L’accomplissement de ces deux objectifs – signaler le patrimoine et offrir des services – ne va pas sans soulever quelques conflits d’intérêt. Comment, en effet, concilier la demande de rapidité que nécessitent les services à l’usager et la qualité des notices que requiert le travail pour l’éternité ? La notice de dépôt légal, la plus brève, figure dans la base de 15 jours à 3 semaines après le dépôt du document. La notice définitive demande quant à elle un délai d’environ trois mois.
Reflet de la culture d’un pays, riche d’une grande diversité, la bibliographie nationale, conclut Claire Vayssade, « soulève de nombreuses interrogations quotidiennes, qui en font quelque chose de vivant, en constante évolution ».

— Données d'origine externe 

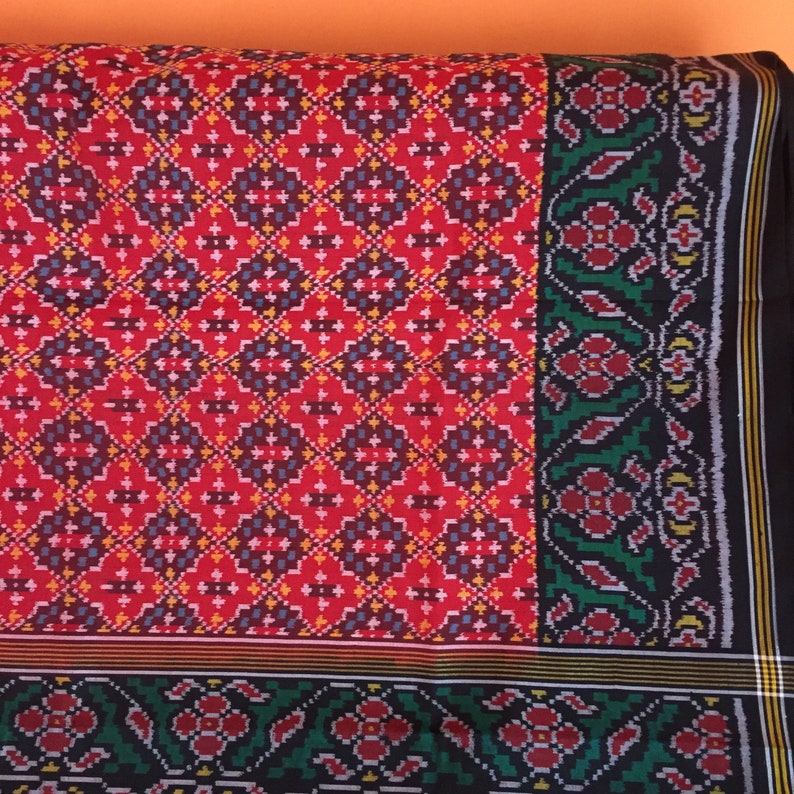 Semi Double ikat Patan Patola Saree Ready to ship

L’offre bibliographique d’Electre
Parallèlement aux services offerts par la Bibliothèque nationale de France, le Cercle de la librairie, syndicat interprofessionnel, donc sans but lucratif, recense, dans Électre, tous les ouvrages disponibles en langue française, publiés en France et à l’étranger. A la différence de la Bibliothèque nationale, Électre, service exclusivement commercial pour lequel la rapidité est l’élément primordial, n’a pas pour mission de faire du catalogage scientifique. Il publie donc une notice moyenne, accompagnée d’un résumé et de l’indication – élémentaire – du niveau de lecture.
La base multimédia est ouverte à tous les produits cédérom, cd-i distribués en France, exception faite des cd-audio. Une base des livres épuisés a récemment été intégrée dans le cédérom Électre, qui compte 1 300 abonnés, dont la moitié sont des bibliothécaires et documentalistes. La nouveauté de ce produit, signale Michèle Aderhold, est son actualisation via un modem qui permet une connexion quotidienne au serveur. Le cédérom n’est plus ainsi un support qui se périme et sa puissance documentaire s’enrichit de cette possibilité d’actualisation en ligne.

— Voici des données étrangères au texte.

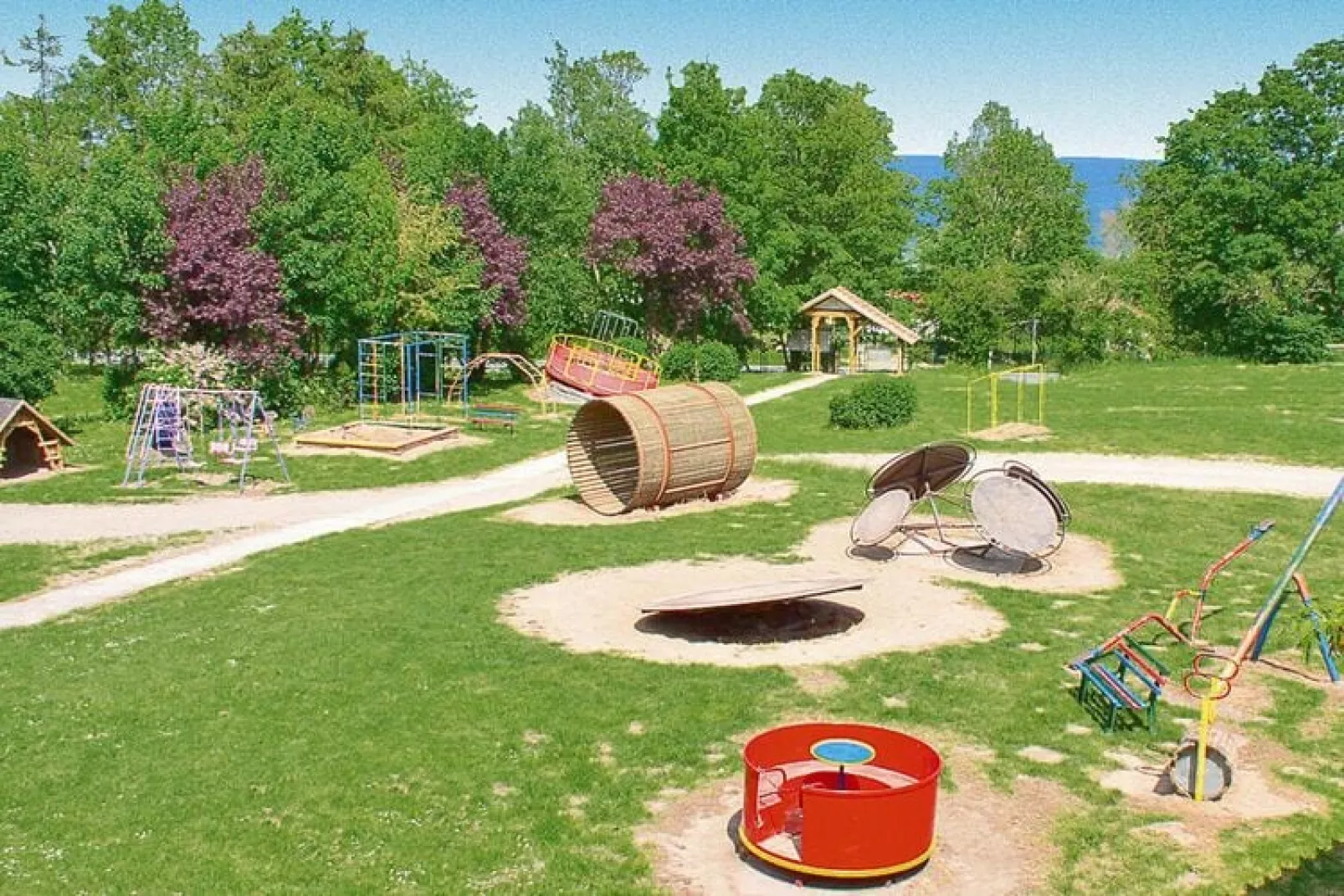 Ferienpark an der Ostsee Wohlenberg-2-Raum-App im Haus Schleiz 35 qm 2 Erw2 Kinder-Tuinen zomer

Aux regrets formulés dans la salle qu’il n’y ait pas coopération entre le Cercle de la librairie et la Bibliothèque nationale de France, comme cela se fait chez leurs homologues anglais, Marcelle Beaudiquez répondit que chacun avait pris son identité et engagé des investissements qui faisaient qu’il était impossible de revenir sur cette situation historique.
Enfin, l’aspect technologique fut abordé par Maggy Pézeril, qui présenta la mise en place du Système universitaire, que nous avons à plusieurs reprises détaillé dans nos pages 1.